LocalLLaMA

4 readers

4 users here now

Community to discuss about Llama, the family of large language models created by Meta AI.

founded 2 years ago

MODERATORS

communick@poweruser.forum

are there any Super Tiny LLM models which we can ship within a mobile application? (alien.top)

submitted 2 years ago by Prashant_4200@alien.top to c/localllama@poweruser.forum

7 comments fedilink hide all child comments

I'm new in the LLM world, I just want to know if is there any super tiny LLM model that we can integrate with our existing mobile application and ship it on the app store.

If I give a simple example, I have one news application so it's possible to integrate llm with my news application so I can perform some operations on the application to provide a better experience to users without sharing their personal information on the internet. Like: summarises the article in different types of tones (like 5, 10, 15-year-old kid, in the poem, old and Gen Z style). Track the type of articles the user likes and display only those articles in his feed) and many more.

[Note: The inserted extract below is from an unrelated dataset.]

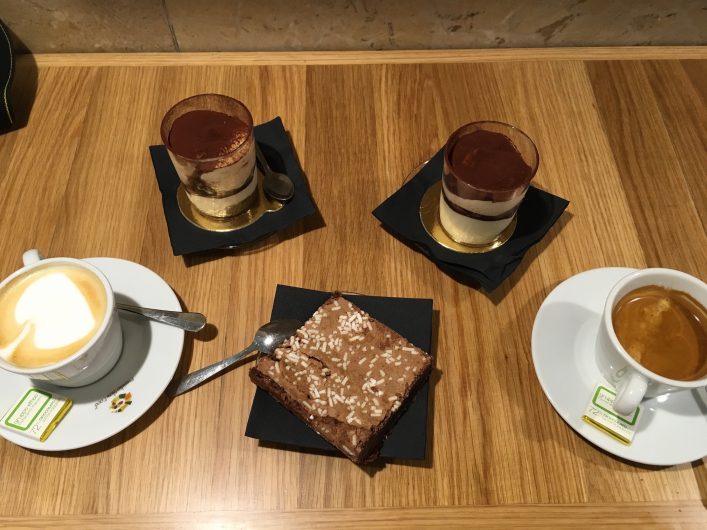 Eataly Roma'da tatlılarımızın yanına cappuccino ve espresso söylemiştik...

And if this is not possible, is there any platform where we can host these types of tiny models like a Firebase ML model (these services are not changed that much as compared to other LLM hosting services)?

top 7 comments

sorted by: hot top controversial new old

[–] woadwarrior@alien.top 1 points 2 years ago (1 children)

I have an app on the App Store that does that. It ships with a 4 bit quantised 3B parameter LLM baked in (The app is a 1.67GB download) and users on newer phones (iPhone 14,15 Pro and Pro Max) can optionally download a 3 bit quantised 7B parameter LLM.

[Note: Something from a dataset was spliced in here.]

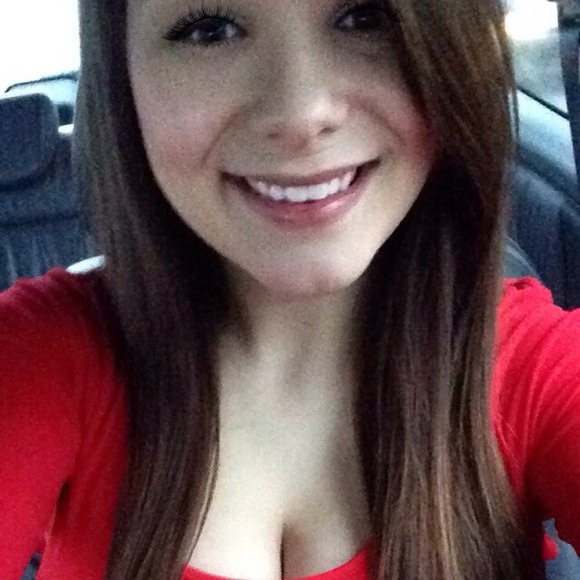 Profile Picture of Bailey Mcginnis (@baileeeyk) on Poshmark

[–] amusiccale@alien.top 1 points 2 years ago

Hey, I actually just tried this on my iPhone SE 2nd gen to see if it would run the 3B, even slowly, but it says it’s not compatible— any suggestions?

[–] SlowSmarts@alien.top 1 points 2 years ago

TinyLlama 1.1b may have potential - Tiny Llama 1.1b project

TheBloke has made a GGUF of v0.3 chat already.

Looking on HuggingFace, there may be more that have been fine tuned for instruct, etc.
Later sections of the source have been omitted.